To evaluate segmentation performance across elevation gradients, detection rates of Mask2Former, UNet, and DeepLab v3+ were compared (Table 4). Results show that Mask2Former consistently outperforms the other models across all elevation ranges, with a notable advantage at lower elevations and extreme elevations. For low-elevation lakes (<4000 m), Mask2Former achieved a detection rate of 93.65 %, higher than UNet (88.38 %) by 5.98 % and DeepLab v3+ (90.56 %) by 3.41 %. For mid-elevation lakes (4000–4500 m), Mask2Former maintained a detection rate of 92.60 %, surpassing UNet (87.92 %) by 5.32 % and DeepLab v3+ (88.67 %) by 4.43 %. For high elevation lakes (4500–5000 m), Mask2Former's rate reached 93.56 %, outperforming UNet (89.46 %) by 4.58 % and DeepLab v3+ (90.15 %) by 3.78 %, though the gap narrowed. For extreme elevation lakes (>5000 m), Mask2Former sustained the highest rate at 92.90 %, exceeding UNet (85.70 %) by 8.40 % and DeepLab v3+ (86.87 %) by 6.94 %.

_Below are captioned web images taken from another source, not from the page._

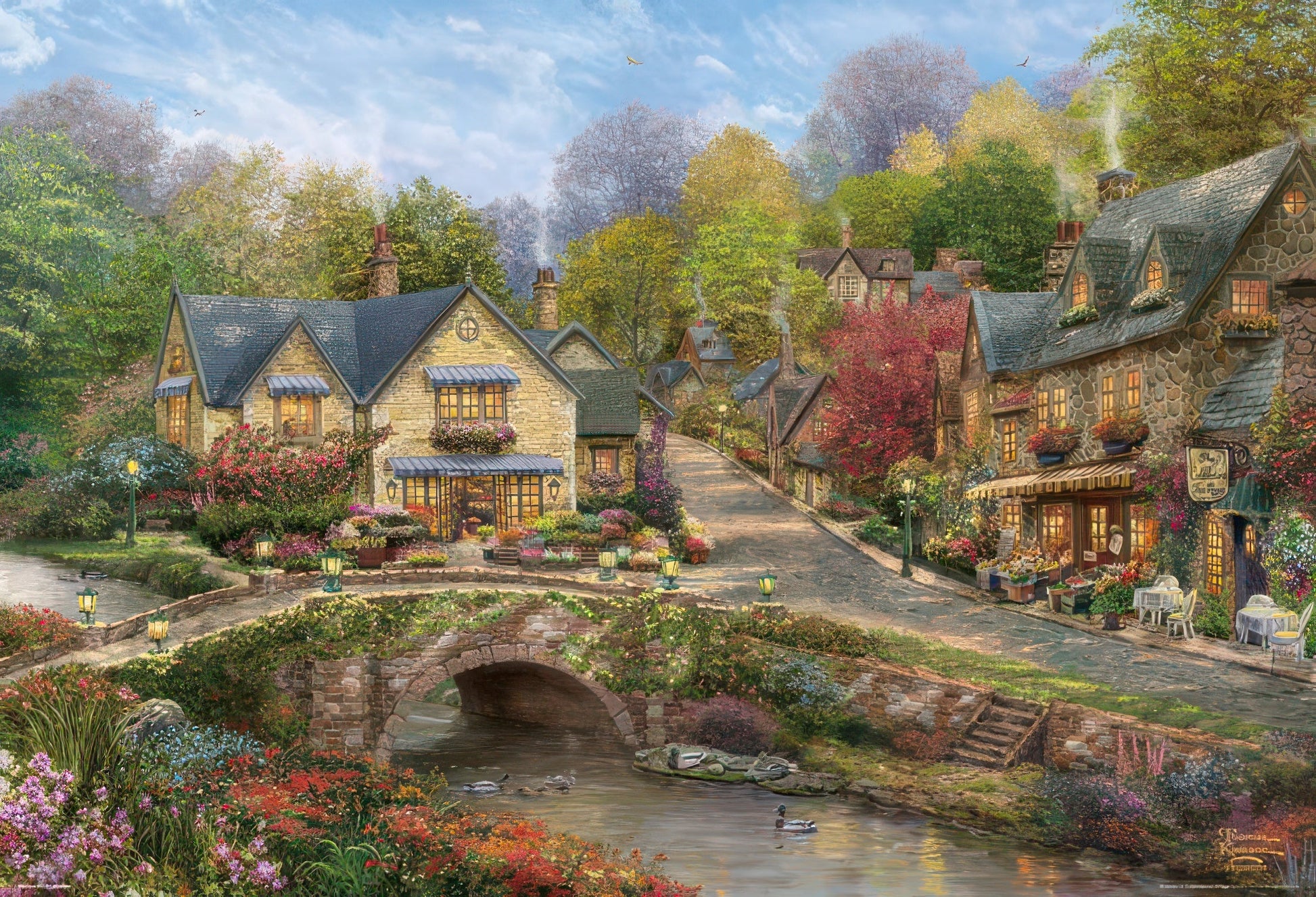 beverly-1000-051-cotswolds,-flower-promenade-1000-pieces-jigsaw-puzzle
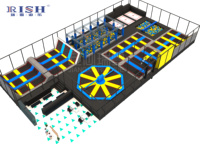 Parc de trampolines intérieur commercial 3D pour enfants et adultes, équipement de terrain de jeux intérieur, parc à thème, parc de sport intérieur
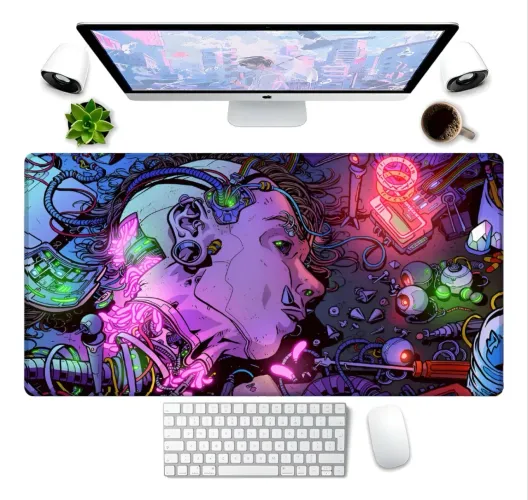 Mouse Pad Gamer Extra Grande 90x40 - Diversas Estampas | Base Antiderrapante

3.2 Comparative Analysis of ViT-based and CNN-based Models for Lake Classification
Lake type classification performance was evaluated on the CEH dataset using precision, recall, and F1-score as metrics (Fig. 5). All classification models were trained for 20 epochs, and the training curves indicate that performance improves rapidly during the initial stage and reaches stable convergence within the first 4–5 epochs, with only minor fluctuations thereafter. No pronounced overfitting is observed across the training process. Among the tested models, Swin Transformer v2 achieved the highest overall performance, with an F1-score of 89.75 %, outperforming EfficientNet (82.43 %) and ResNet (82.33 %). Swin Transformer v2 also exhibited the most balanced classification behavior, achieving a precision of 86.94 % and a recall of 92.74 %. In comparison, ResNet attained a lower precision (78.46 %) despite a relatively high recall (88.62 %). EfficientNet showed a different error pattern, with a moderate precision of 80.11 % but a lower recall of 84.89 %.

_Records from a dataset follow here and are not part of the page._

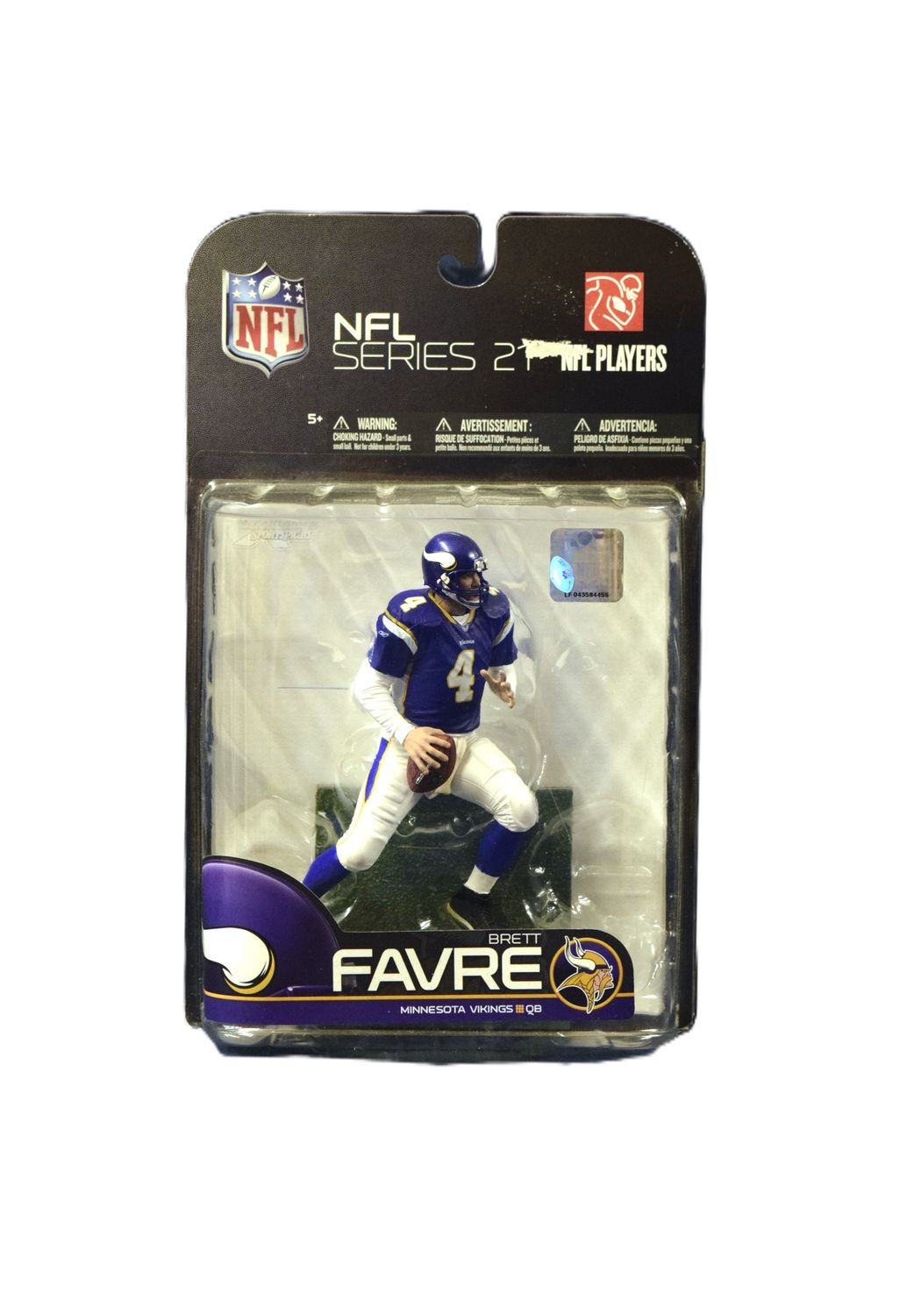 NFL Players Series 21, Brett Favre, Minnesota Vikings, 2009 McFarland Toys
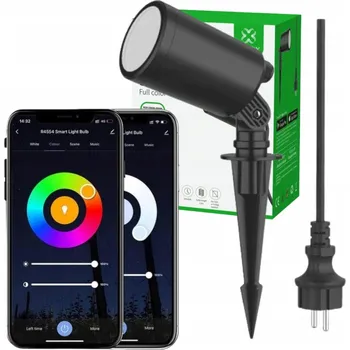 Venkovní osvětlení Zahradní reflektor LED s kolíkem, WiFi, venkovní, RGB Smart IP65 WOOX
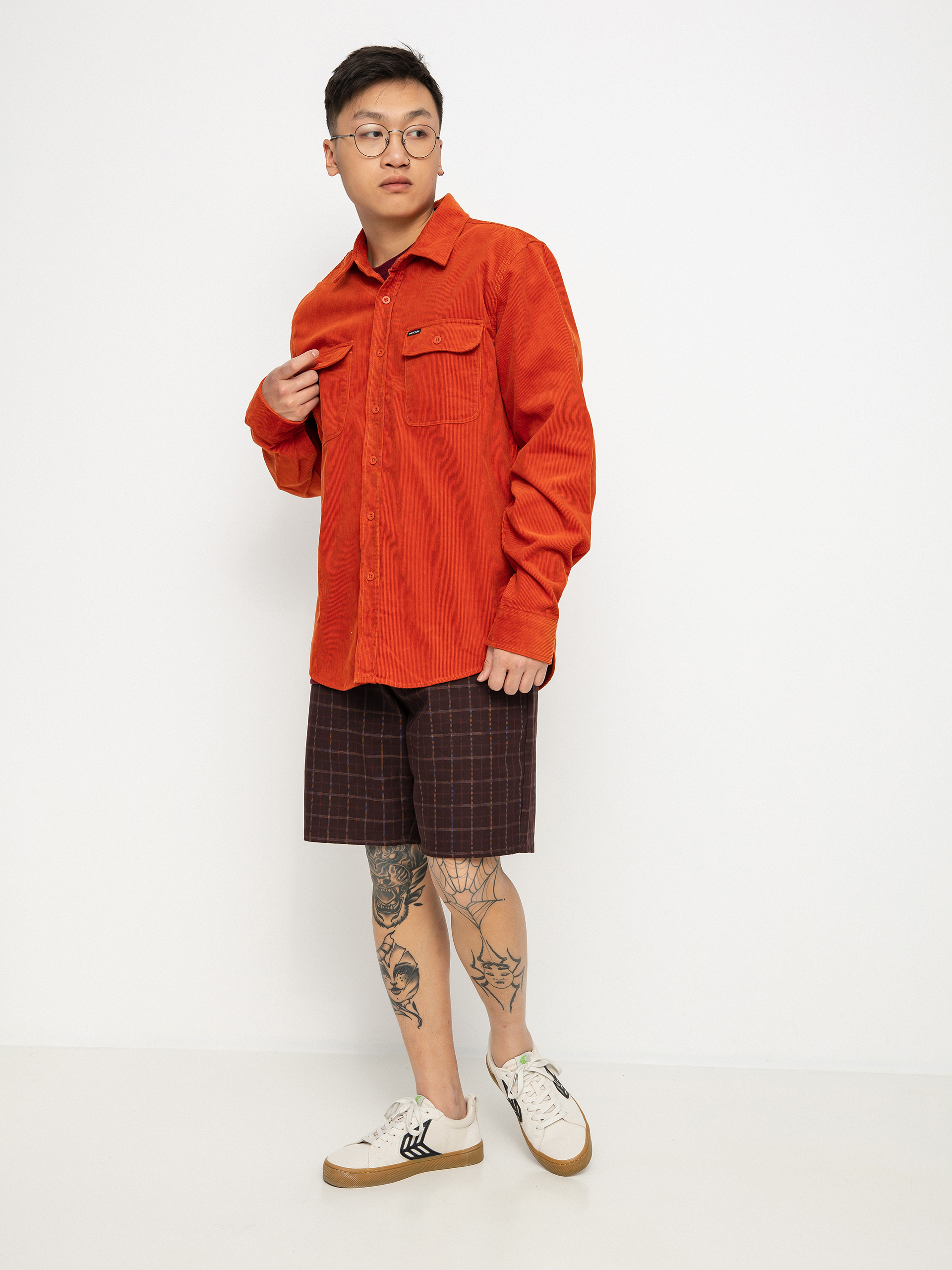 Koszula Brixton Bowery Corduroy Flannel Ls (phoenix orange)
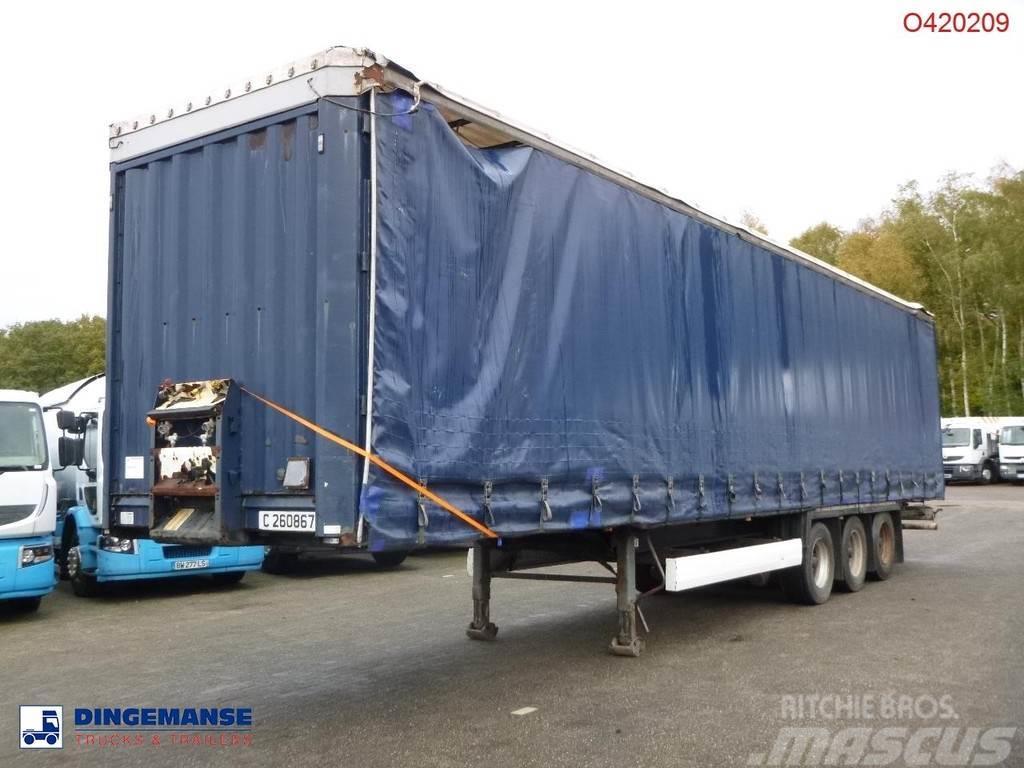 Krone Curtain side trailer double stock 97 m3 Poluprikolice sa ciradom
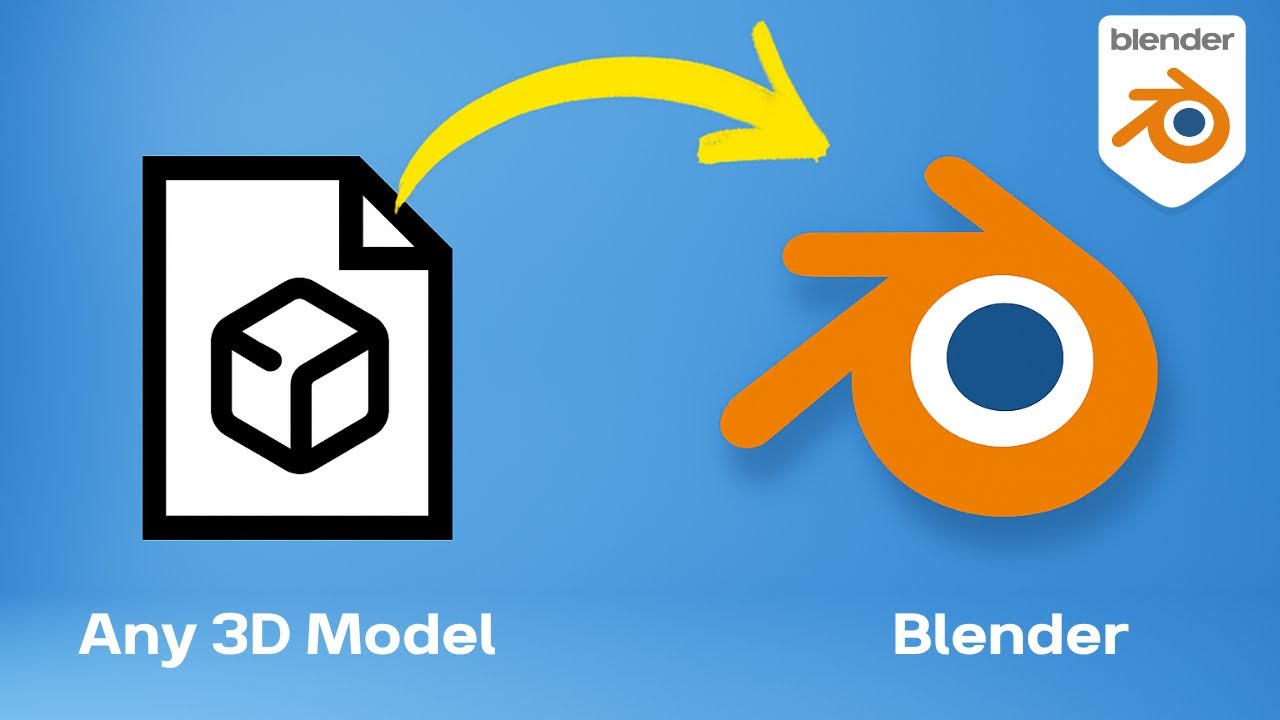 How to Import Models into Blender 3D Model With Textures | obj, fbx ...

Based on the finalized lake inventory for the STPG, the classification performance of the three models was quantified using confusion matrix statistics and F1-score (Table 5). Swin Transformer v2 achieved the highest F1-score (91.17 %), indicating the best balance between omission and commission errors at the regional scale. In comparison, ResNet and EfficientNet yielded lower F1-scores of 88.39 % and 88.63 %, respectively. The confusion matrix reveals distinct error characteristics among the models. ResNet produced a higher number of false positives (FP = 297). EfficientNet, in contrast, shows an increased number of false negatives (FN = 149).
Classification performance was further analyzed across four lake area ranges using F1-score and confusion matrix statistics (Table 6). Swin Transformer v2 consistently achieved the highest F1-scores across all size classes, indicating robust classification performance over a wide range of lake scales. The advantage of Swin Transformer v2 was most pronounced for ultra-small (<0.001 km2) and small lakes (0.001–0.01 km2), where F1-scores exceeded those of ResNet and EfficientNet by approximately 6 %–8 %. For medium-sized (0.01–0.1 km2) and large lakes (>0.1 km2), performance differences among models decreased, although Swin Transformer v2 still maintained the highest F1-scores.

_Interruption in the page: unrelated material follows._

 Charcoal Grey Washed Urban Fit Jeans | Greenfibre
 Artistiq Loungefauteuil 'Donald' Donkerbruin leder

Classification performance was further examined across four elevation ranges using F1-score derived from the confusion matrix (Table 7). Swin Transformer v2 consistently achieved the highest F1-scores across all elevation bands. At low elevations (<4000 m), Swin Transformer v2 obtained an F1-score of 88.18 %, substantially higher than those of ResNet and EfficientNet. Similar performance advantages were observed at mid elevations (4000–4500 m), where Swin Transformer v2 reached an F1-score of 89.17 %. At higher elevations (4500–5000 m), the performance gap among models narrowed, although Swin Transformer v2 still maintained the highest F1-score (87.36 %). At extreme elevations (>5000 m), all three models achieved relatively high classification performance, with Swin Transformer v2 again yielding the best result (92.02 %).
3.3 Lakes in Alpine Periglacial Environments in the STPG
The ViT-based identification framework identified 3266 lakes in alpine periglacial environments in the STPG, comprising 1708 contemporary glacial lakes and 1558 other lakes (Fig. 6). Contemporary glacial lakes are mainly distributed along the glacierized mountain systems of the Nyainqêntanglha Range, Himalayas, and Hengduan Mountains, extending from northwest to southeast. Other lakes are more concentrated in non-glaciated regions, primarily in the northwest, central-north, and southern sectors of the study area.
Figure 6Lakes in Alpine Periglacial Environments in the STPG (blue dots represent contemporary glacial lakes, and red dots represent other lakes). Panels (a)–(d) show representative local examples (cyan lines represent contemporary glacial lakes, and red lines represent other lakes). Base map sourced from Sentinel-2 Imagery.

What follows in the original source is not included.